The logic for finding the continuation indentation when the option
AlignAfterOpenBracket is set to DontAlign is not implemented yet. So in
that case the new line may have the wrong indentation, and the parts may
have the wrong length if the string needs to be broken more than once
because finding where to break the string depends on where the string
starts.

The preambles for the C# and Java unit tests are changed to the newer
style in order to allow the 3-argument verifyFormat macro. Some cases
are changed from verifyFormat to verifyImcompleteFormat because those
use incomplete code and the new verifyFormat function checks that the
code is complete.

Diff Detail

Event Timeline

sstwcw created this revision.Jun 29 2023, 8:35 AM
Herald added projects: Restricted Project, Restricted Project, Restricted Project. · View Herald TranscriptJun 29 2023, 8:35 AM
sstwcw requested review of this revision.Jun 29 2023, 8:35 AM
sstwcw retitled this revision from [clang-format] Break strings in Verilog to [clang-format] Break long strings in Verilog.Jun 30 2023, 9:07 PM

I'd really prefer you put what you need to modify mutable instead of removing the const from everything else. But that's just my opinion.

clang/include/clang/Format/Format.h
2012

It definitely works in C++, and I'd suspect C# and Java too.

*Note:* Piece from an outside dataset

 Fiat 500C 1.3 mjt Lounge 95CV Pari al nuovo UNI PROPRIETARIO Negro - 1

clang/lib/Format/BreakableToken.h
313
sstwcw updated this revision to Diff 536555.Jul 1 2023, 3:28 PM
  • Address comments
sstwcw marked 2 inline comments as done.Jul 1 2023, 3:29 PM

I'd really prefer you put what you need to modify mutable instead of removing the const from everything else. But that's just my opinion.

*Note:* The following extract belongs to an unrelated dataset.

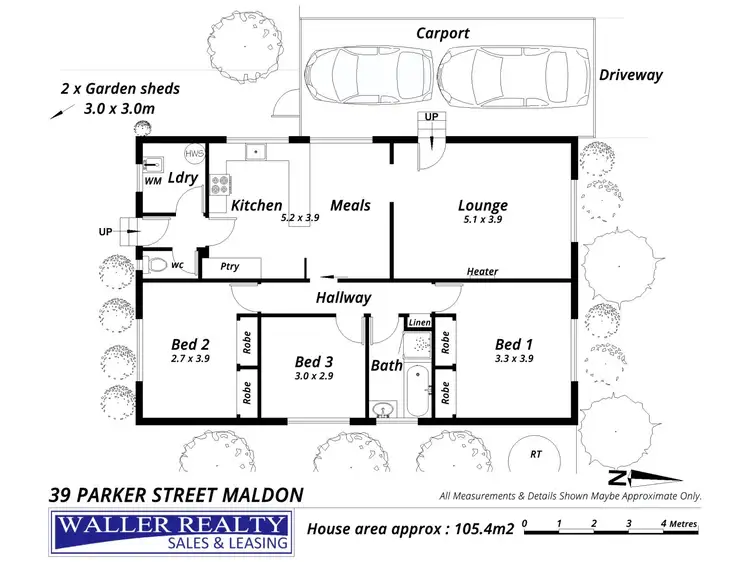 Floorplan of Homely house listing, 39 Parker Street, Maldon VIC 3463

Why should the insertBreak method be const?

sstwcw added inline comments.Jul 1 2023, 3:32 PM
clang/include/clang/Format/Format.h
2021–2033

It looks like they made a mistake in this example. The second line gets indented by a continuation indentation both before and after this patch.

I'd really prefer you put what you need to modify mutable instead of removing the const from everything else. But that's just my opinion.

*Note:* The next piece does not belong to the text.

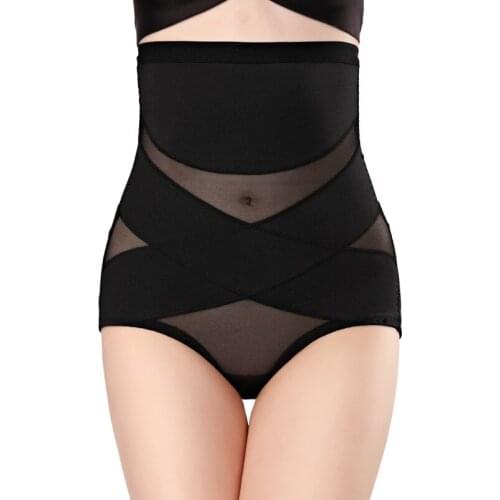 High waist postpartum high abdominal pants back off no trace stomach waist abdominal pants body shaping hip lifting pants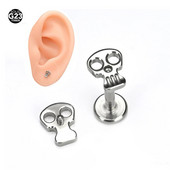 1 tk F136 titaanist meeste ehted kõrvarõngad trukid retrostiilis gooti pealuu piraat pealuu mootorratas titaanist terasest kõrvarõnga keha Pi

Why should the insertBreak method be const?

Because it shouldn't and up until now doesn't modify the BreakableToken the modifying changes happen in the WhitespaceManager.

clang/include/clang/Format/Format.h
2048

I'd drop that, or replace it with a nicer sentence which only speaks of "all other languages", because right now you are missing at least protobuf and json.

sstwcw added a comment.Jul 6 2023, 9:11 PM

If it is expected that the method does not modify the field, and the expectation is not fulfilled, I prefer to make it clear rather than to pretend that the method works as expected. Can you help me come up with an alternative? Braces need to be added around the string literal when it gets broken into parts. Only one pair of braces need to be added no matter how many times the string gets broken. My solution was to use a mutable field to mark whether braces have already been added. Do you have another way?

sstwcw updated this revision to Diff 537975.Jul 6 2023, 9:17 PM
sstwcw marked an inline comment as done.
  • Drop the line in the doc
sstwcw edited the summary of this revision. (Show Details)Jul 14 2023, 6:50 PM
sstwcw updated this revision to Diff 540611.Jul 14 2023, 6:51 PM
sstwcw edited the summary of this revision. (Show Details)
  • Add back the const qualifiers for methods
clang/lib/Format/ContinuationIndenter.cpp
2294

This const can be readded, or not?

clang/lib/Format/WhitespaceManager.cpp
1522

Can you elaborate where the 2 replacements come from, and why we can't make sure there is no empty range?

sstwcw updated this revision to Diff 540752.Jul 15 2023, 7:43 PM
  • Add back the const qualifier
sstwcw marked an inline comment as done.Jul 15 2023, 7:46 PM
sstwcw added inline comments.
clang/lib/Format/ContinuationIndenter.cpp
2294

I forgot to add it.

sstwcw marked an inline comment as done.Jul 20 2023, 7:55 AM

Are there any more problems?

Apart from that I'm okay.

clang/lib/Format/WhitespaceManager.cpp
1522

This is open (at least for me).

sstwcw marked 2 inline comments as done.Jul 21 2023, 7:55 AM
sstwcw updated this revision to Diff 542916.Jul 21 2023, 7:55 AM
  • Add comment explaining the replacements

For the replacement part, I refer to @owenpan and/or @MyDeveloperDay hoping they have more insight.
The rest look good to me.

@owenpan What do you think about this revision especially the replacement part?

MyDeveloperDay accepted this revision.Jul 29 2023, 6:17 AM
This revision is now accepted and ready to land.Jul 29 2023, 6:17 AM
owenpan added inline comments.Jul 29 2023, 2:16 PM
clang/lib/Format/ContinuationIndenter.cpp
2192–2193

Can we support using + first?

@owenpan What do you think about this revision especially the replacement part?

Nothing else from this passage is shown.